Home/Articles/The Cloud Security Mistake That Keeps Burning Companies

The Cloud Security Mistake That Keeps Burning Companies

Moving to the cloud does not outsource your security. It splits it, and the seam is where companies get hurt.

By Sajed Khan/Mar 4, 2025/2 min read

One of the most expensive misunderstandings in technology is the belief that moving to the cloud hands your security over to the cloud provider. It does not. It splits the responsibility between you and the provider, and the place where the split happens is precisely where a surprising number of breaches occur. The technology rarely fails. The handoff does.

What the provider actually secures

The major cloud providers are very good at securing the things they own. The physical data centers, the underlying hardware, the core infrastructure that everything runs on. They invest more in that layer than almost any individual company ever could, and on that front your data is genuinely safer than it was in most on-premises server rooms. That part of the bargain is real.

What you still own

Here is the part that gets lost. The provider secures the cloud. You are still responsible for what you put in it and how you configure it. Your data, who can access it, how identities are managed, and crucially, the settings. The provider gives you powerful tools and the freedom to use them well or badly. They will not stop you from leaving a storage bucket open to the entire internet. They simply gave you a setting, and you left it wrong.

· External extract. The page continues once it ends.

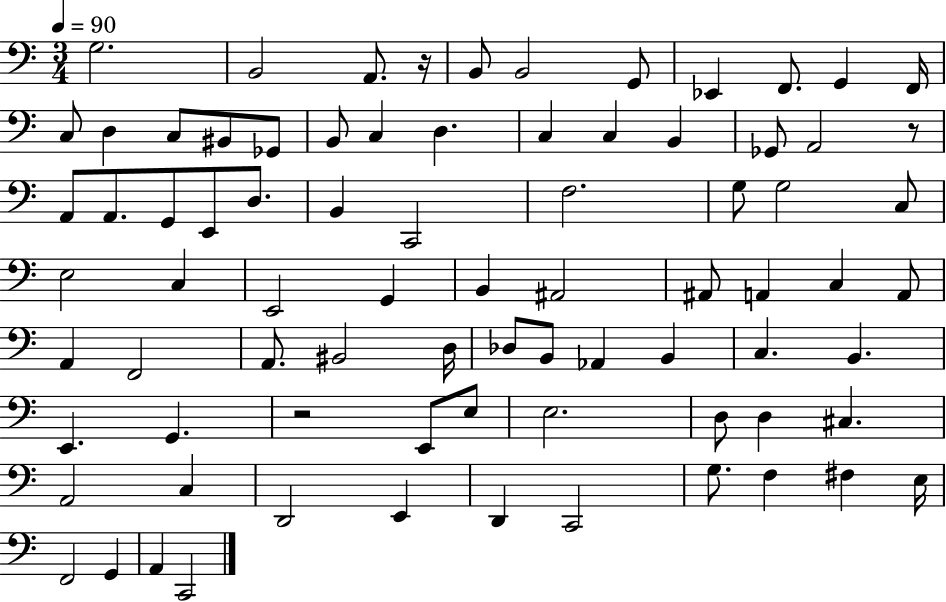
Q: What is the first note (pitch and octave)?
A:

The cloud provider secures the cloud. You are still on the hook for everything you put inside it. Most breaches live in that gap.

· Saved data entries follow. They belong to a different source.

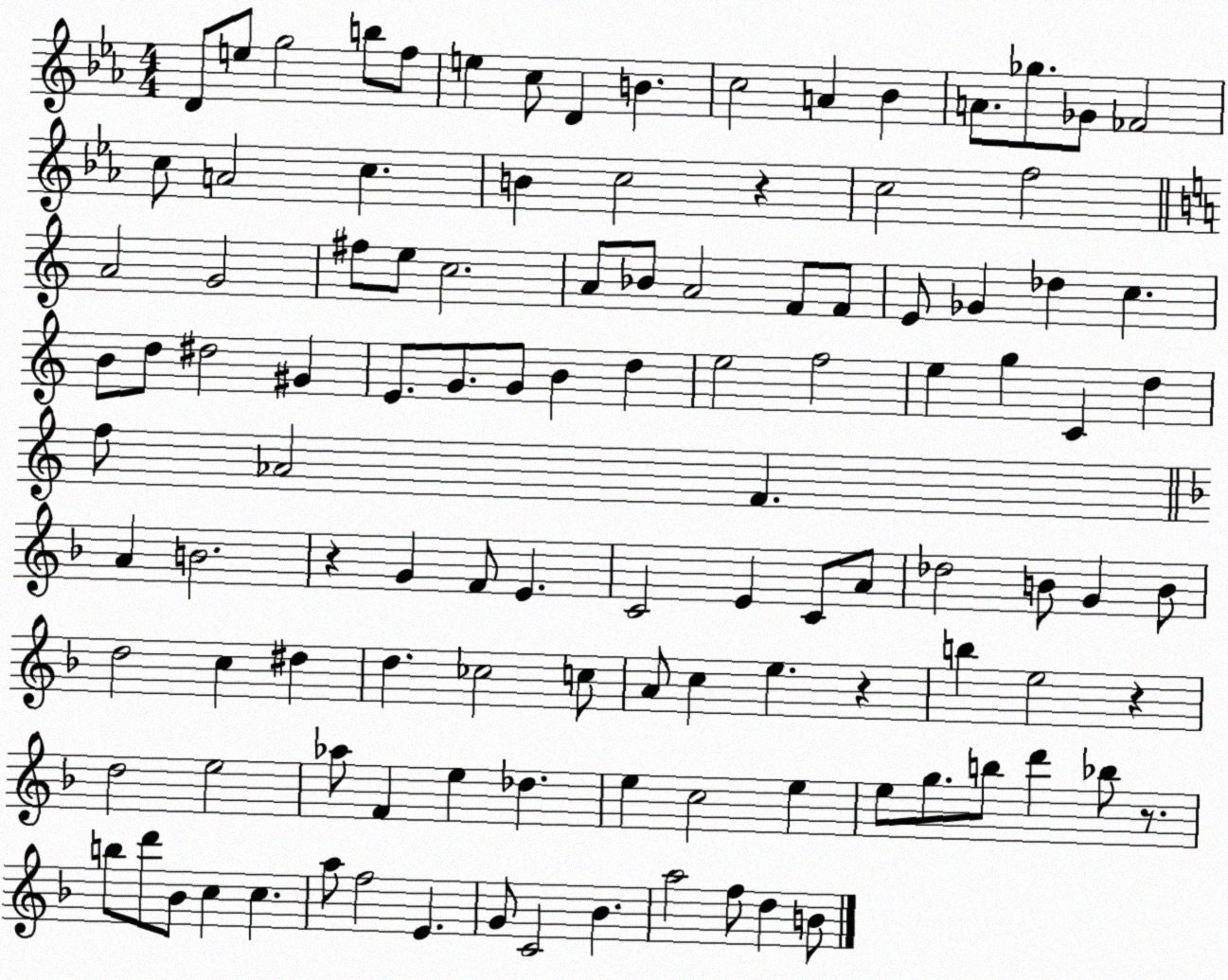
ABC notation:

X:1
T:Untitled
M:4/4
L:1/4
K:Eb
D/2 e/2 g2 b/2 f/2 e c/2 D B c2 A _B A/2 _g/2 _G/2 _F2 c/2 A2 c B c2 z c2 f2 A2 G2 ^f/2 e/2 c2 A/2 _B/2 A2 F/2 F/2 E/2 _G _d c B/2 d/2 ^d2 ^G E/2 G/2 G/2 B d e2 f2 e g C d f/2 _A2 F A B2 z G F/2 E C2 E C/2 A/2 _d2 B/2 G B/2 d2 c ^d d _c2 c/2 A/2 c e z b e2 z d2 e2 _a/2 F e _d e c2 e e/2 g/2 b/2 d' _b/2 z/2 b/2 d'/2 _B/2 c c a/2 f2 E G/2 C2 _B a2 f/2 d B/2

Why the gap is so dangerous

The danger is that the gap is invisible until something falls through it. A team migrates quickly, assumes the provider has security handled, and never closes the settings that were their job all along. Months later a researcher or an attacker finds an exposed database that was open the whole time. No system was hacked. A responsibility was simply dropped, quietly, because both sides assumed the other had it. Speed makes this worse, which is something I keep returning to in lessons from technology leadership.

How leaders close the gap

  • Make sure someone owns cloud configuration explicitly. Shared responsibility fails when responsibility is shared into nobody's hands.
  • Assume misconfiguration is the default risk, not exotic attacks. The boring open setting causes more breaches than the clever exploit.
  • Build checks that catch dangerous settings automatically, because humans moving fast will always miss some.
  • Treat identity and access in the cloud as a first-class concern, since a stolen login reaches everything the cloud makes convenient to reach.

The cloud is not less secure than what came before. In many ways it is more secure. But it moves the hard part from defending a building to managing a shared responsibility, and the organizations that get burned are the ones who never realized the responsibility was partly theirs.

FAQ

What is the shared responsibility model in cloud security?

It means the cloud provider secures the underlying infrastructure (data centers, hardware, core services) while the customer remains responsible for their data, access management, and configuration. Most cloud breaches happen in this gap, usually through misconfiguration.

Is the cloud less secure than on-premises?

Not inherently. Providers secure the underlying infrastructure better than most companies could alone. The risk shifts to configuration and access management, which remain the customer's responsibility, so breaches usually come from dropped responsibilities rather than the cloud itself.